Citing to State v. Gerhardt, 145 Ind. 439 (Ind. 1896), the court evaluated how “[t]he State may exercise its police power to promote the health, safety, comfort, morals, and welfare of the public.” And citing to other authority, the court noted that “courts defer to legislative decisions about when to exercise the police power and typically require only that they be rational.” So the question became whether – approached from the standpoint of rationality – the statute’s restriction on the right to self-expression was appropriate to promote the health, safety, comfort, morals and welfare of the public.
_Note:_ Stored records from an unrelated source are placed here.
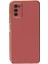 Samsung Galaxy A03S Kılıf Volet Silikon - Kırmızı 2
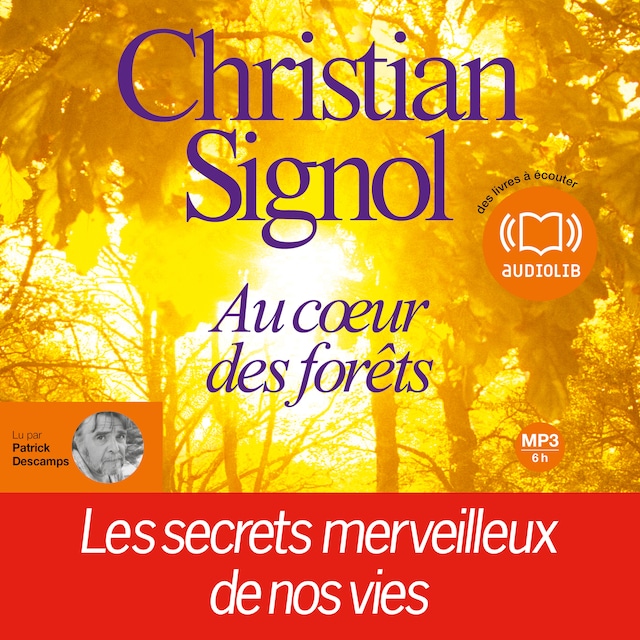 Book cover for Au coeur des forêts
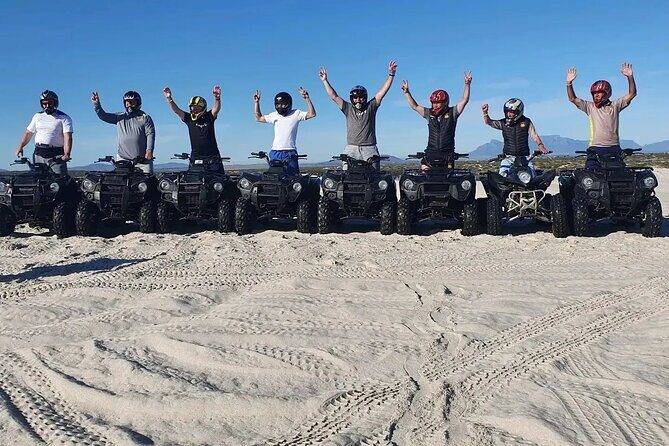 Cape Town Atlantis Dunes Quad Biking - What to Expect from the Atlantis Dunes Quad Biking Tour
Rationality favored public protection
“Under our rationality inquiry, we have no trouble concluding the impingement created by the statute is vastly outweighed by the public health, welfare, and safety served.” In reaching this conclusion, the court examined, among other things, the tremendous harms of revenge porn – including its connection to domestic violence and psychological injury. Accordingly, the court found the statute did not violate the Indiana constitution.
The court also found that the statute did not violate the First Amendment of the U.S. Constitution. It held that the statute is content-based and therefore subject to strict scrutiny. Even under this standard, the court found that it served a compelling government interest, and was narrowly tailored to achieve that compelling interest.